Recently I picked up some material that was produced 15 years ago when Olympia was looking at building a new library. The levy failed in that election, but its interesting to see what people where saying back then about a new library building.
In addition to a hilarious video, I also picked up the very thorough study on the reasons Olympia needed a new library. Here it is:
Here are my thoughts that’ve come up between the video and the study:
1. The new library building would have been paid for through a levy not just on Olympia residents, but residents throughout the Olympia School District (not including Griffin, which many people consider part of OSD). This would have been though the flexible requirements of the boundaries of a Library Capital Facility Area. The only real requirement is that the boundaries be within the library district the new building would serve.
This is interesting because some have argued that rural library districts, because cities have to annex into them, are unfair to incorporated communities. At least in this way, by expanding the boundaries of a LCFA beyond city limits, the cost of new building can be taken off the backs of city residents.

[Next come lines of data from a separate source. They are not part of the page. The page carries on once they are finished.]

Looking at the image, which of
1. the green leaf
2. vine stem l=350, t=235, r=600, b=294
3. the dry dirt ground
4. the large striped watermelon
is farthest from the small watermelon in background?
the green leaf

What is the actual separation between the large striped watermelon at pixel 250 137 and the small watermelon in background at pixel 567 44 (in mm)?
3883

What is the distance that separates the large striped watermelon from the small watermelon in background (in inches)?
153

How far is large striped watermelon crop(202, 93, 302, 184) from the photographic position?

2. The 60 percent limit is still in place for libraries. A few years back we lowered the limit needed to pass a school levy from 60 to 50 percent (plus one). So for new city halls, new fire stations and schools, the political calculation is still different than for new libraries. I understand there is a constitutional reason for this, but it seems strange that various sorts of buildings are held to a different standard.

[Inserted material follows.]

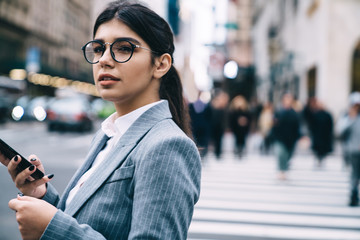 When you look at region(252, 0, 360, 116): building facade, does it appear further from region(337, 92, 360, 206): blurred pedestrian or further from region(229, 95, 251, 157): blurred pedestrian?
region(337, 92, 360, 206): blurred pedestrian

3. The video is hilarious not because of its content, but because of the dated style. Throughout the first part, there are Almost Live-esque “person on the street” questions like “Why do we need a new library?” When I watched, it was laugh out loud funny.

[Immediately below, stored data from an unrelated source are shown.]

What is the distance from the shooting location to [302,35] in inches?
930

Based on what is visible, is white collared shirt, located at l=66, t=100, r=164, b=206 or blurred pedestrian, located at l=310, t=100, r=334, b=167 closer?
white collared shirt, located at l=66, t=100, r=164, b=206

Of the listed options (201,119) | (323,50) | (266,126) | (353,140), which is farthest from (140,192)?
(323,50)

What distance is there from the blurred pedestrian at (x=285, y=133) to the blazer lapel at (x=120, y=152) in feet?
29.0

4. Along with the situation in Yelm right now, the Olympia Library is the most pressing library building issue in Thurston County. The building was undersized 15 years ago and is really undersized now. The library management done a great job leveraging donations to keep the current building fresh, but there is only so much polish you can put on a small building.
A recent study showed more support for a westside branch than what was attempted in 1997, a single larger downtown branch. I’m not sure we should stop our thinking at building new branches, but also think about how we can expand library services to other public areas in the city.